# nvidia & 1600x1200

## sklettke

I'm having trouble getting any of the new nvidia-kernels to correctly use 1600x1200 resolution. (It was previously working with a 2.6.9 kernel). The problem is that the screen will be divided into 2 with each half identical. When I move the mouse in the top, it will move exactly the same in the bottom. However, quality-wise the bottom half is slightly lower and appears a little washed out. I'll include a pic in a little bit.

BTW, I'm using the latest nitro kernel (I like -ck but need reiser4), but the same problem occurs regardless of kernel.

Thanks,

Scott

----------

## thebigslide

Does your monitor have a button that will show the verticle and horizontal refreshes on an on screen display?  What are they?

----------

## sklettke

 *thebigslide wrote:*   

> Does your monitor have a button that will show the verticle and horizontal refreshes on an on screen display?  What are they?

 

It's a Toshiba 5105 notebook so it doesn't have any buttons. Do you think my refresh rate could be the problem though?

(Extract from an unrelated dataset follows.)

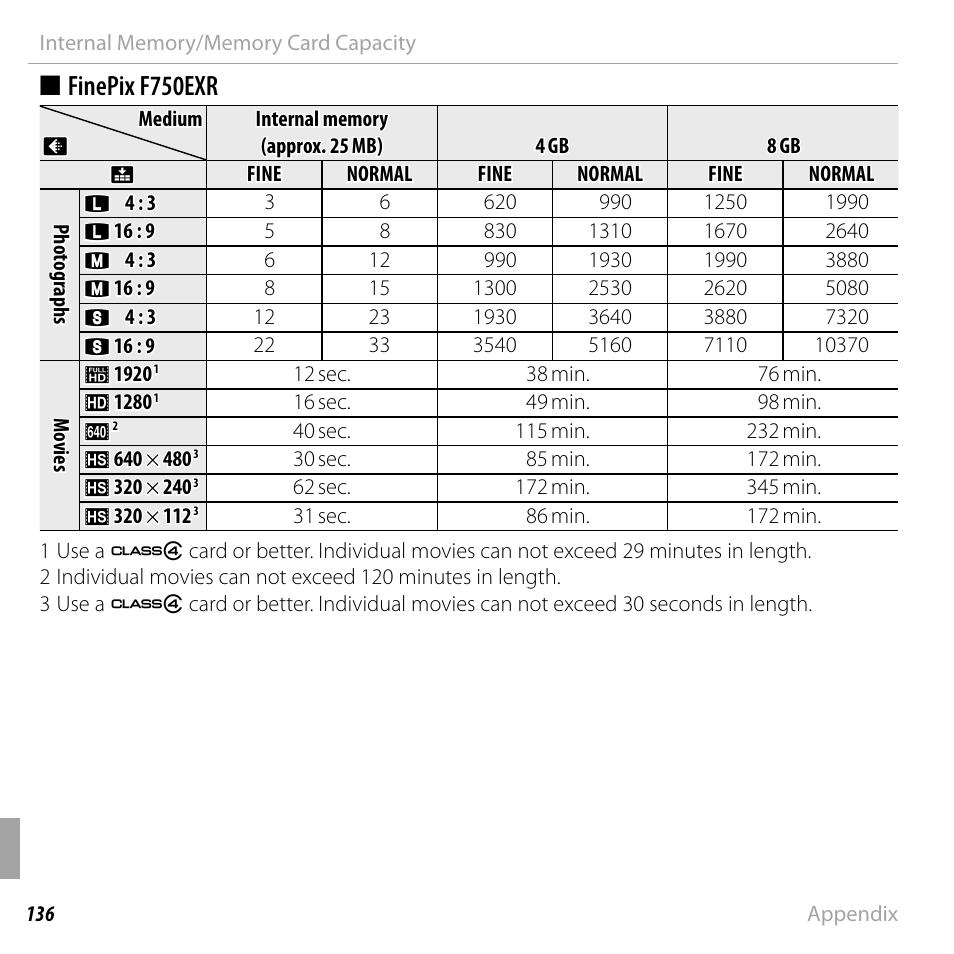 Finepix f750exr | FujiFilm FinePix F750EXR User Manual | Page 154 / 164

Here's the pic: http://www.picsplace.to/5/0751/pic.jpg (It's blurry...but shows a digital pic of my notebook's screen)

----------

## sklettke

Can someone that runs an LCD at 1600x1200 post his x86config (or xorg.conf)?  (Please indicate what version of nvidia-kernel you are using)

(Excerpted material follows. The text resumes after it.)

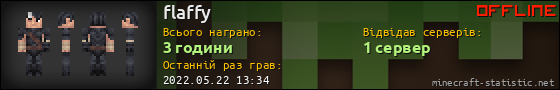 Юзербар 560x90 для flaffy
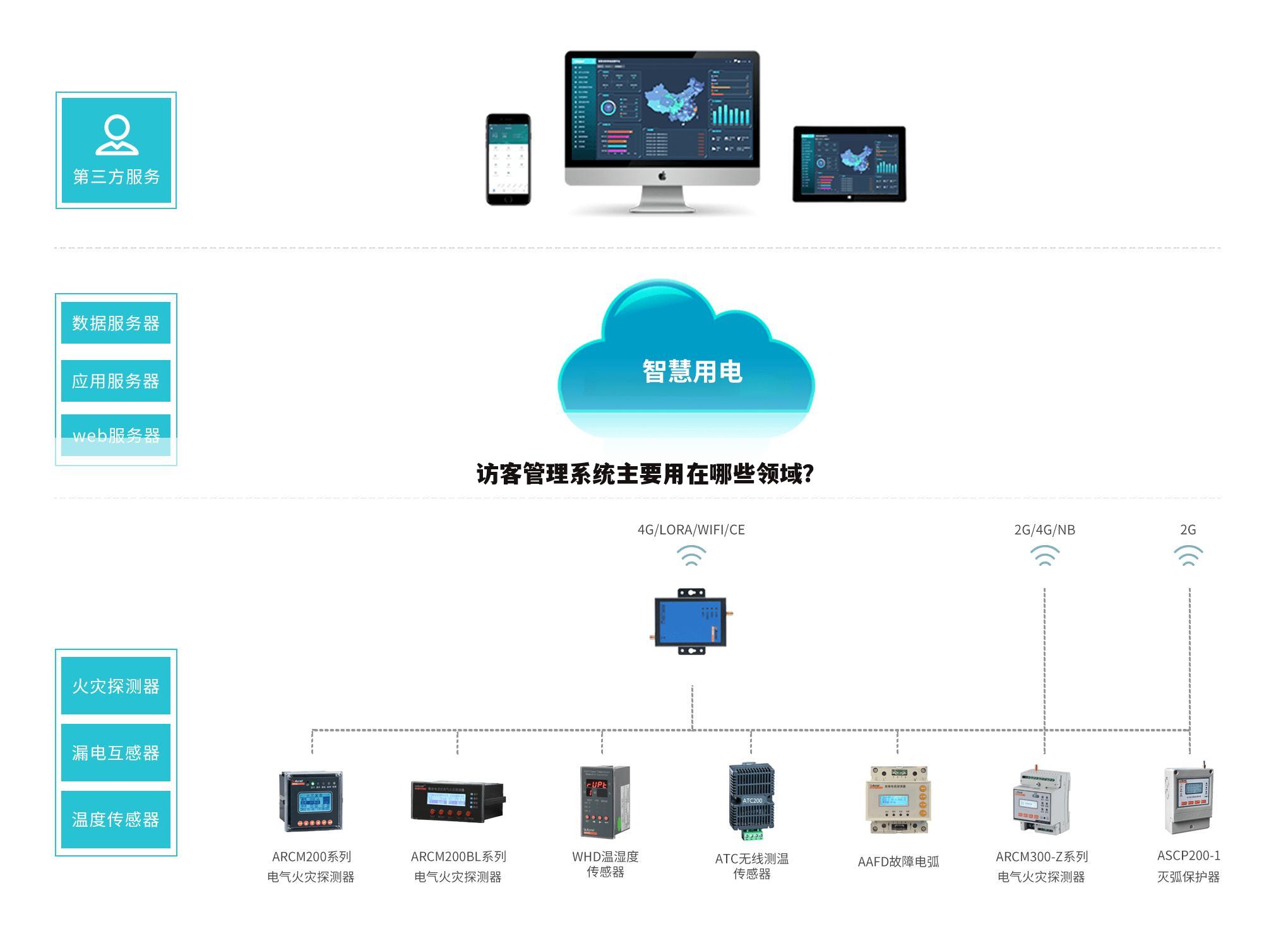 访客管理系统主要用在哪些领域？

Thanks. I do think the problem might be my horiz/vertical refresh rates.

----------

## piffle

 *Quote:*   

> Thanks. I do think the problem might be my horiz/vertical refresh rates.

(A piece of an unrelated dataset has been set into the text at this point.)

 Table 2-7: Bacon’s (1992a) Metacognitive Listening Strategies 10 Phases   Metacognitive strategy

 LCDs don't work by illuminating phosphors. Refresh rate is completely irrelevant.

----------

## thebigslide

piffle, irregardless of the mechanism the panel operates on, refresh rate makes a difference in the xorg config and xf86config because a signal is still being transmitted to the panel!  Maybe you should RTFM before making such a bold statement.  Lots of people have had this issue.  I will search the web and find some info for you, sklettke

here:

http://www.x.org/X11R6.8.1/doc/chips3.html

----------

## piffle

I think you are the one who needs to read up. While there is nothing all on that page you linked regarding LCDs and refresh, and actual hardware vendor has this to say:

 *Quote:*   

> Basically, the transistors in the LCD remain open or closed as needed until the image changes. This can be a point of confusion for some consumers, however, since most graphics cards still "ask for" a refresh rate setting. This is due to the analog nature of existing graphic cards (see "Inputs" section) and their support for CRT displays. While refresh rates do not apply to LCD monitors, most LCDs are set up to accept any settings from 60Hz and above.
> 
> 

 

RTFM, indeed.

----------

## thebigslide

most LCDs 

some like 50, some like a specific number that is probed from the hardware.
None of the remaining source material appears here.